The way I've saved myself from YAML insanity in k8s is by using kubecfg  and kube.libsonnet . I can now build abstractions that work for my particular deployments and never have to worry about extraneous verbosity in day-to-day operations.
Tried Skycap? https://www.cloud66.com/containers/skycap
These are very good suggestions, thank you! The editor was the first chunk of Konstellate that we built, and we definitely want to keep adding to it. We have the nested feature on our roadmap, but I hadn't thought about the inline field addition. I will let you know when we have some updates. Thank again for your feedback it's incredibly helpful!
This would be a nice addition to kubecfg.

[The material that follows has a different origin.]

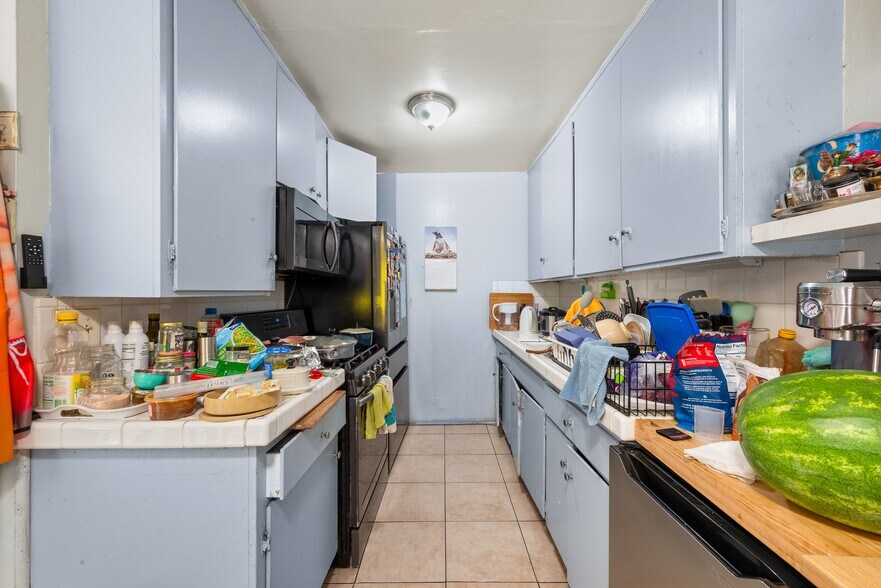 More Photos Of 2325 S Ridgeley Dr, Los Angeles Apartments For Sale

Eg `kubecfg show --web` to bring up an HTTP server that hosts this and lets you inspect the k8s resources that your jsonnet describes.
Yeah that is definitely something we are considering adding in. It seems to be a pretty logical next step. Also, we want to tie it into local folder structures to enable a gitops flow!
Why clojure here?
Developer here. I suppose the simple answer is that this was a personal/side project at my job and I picked the language I most enjoy. Additionally, I've been hacking on a couple of libraries for writing web apps for the last few years and wanted the chance to hone them on something non-trivial.
Clojure is very pleasant to work with and is exceptionally useful for rapid development. My colleagues at JUXT certainly would not have been able to build our new bitemporal Datalog database  without it!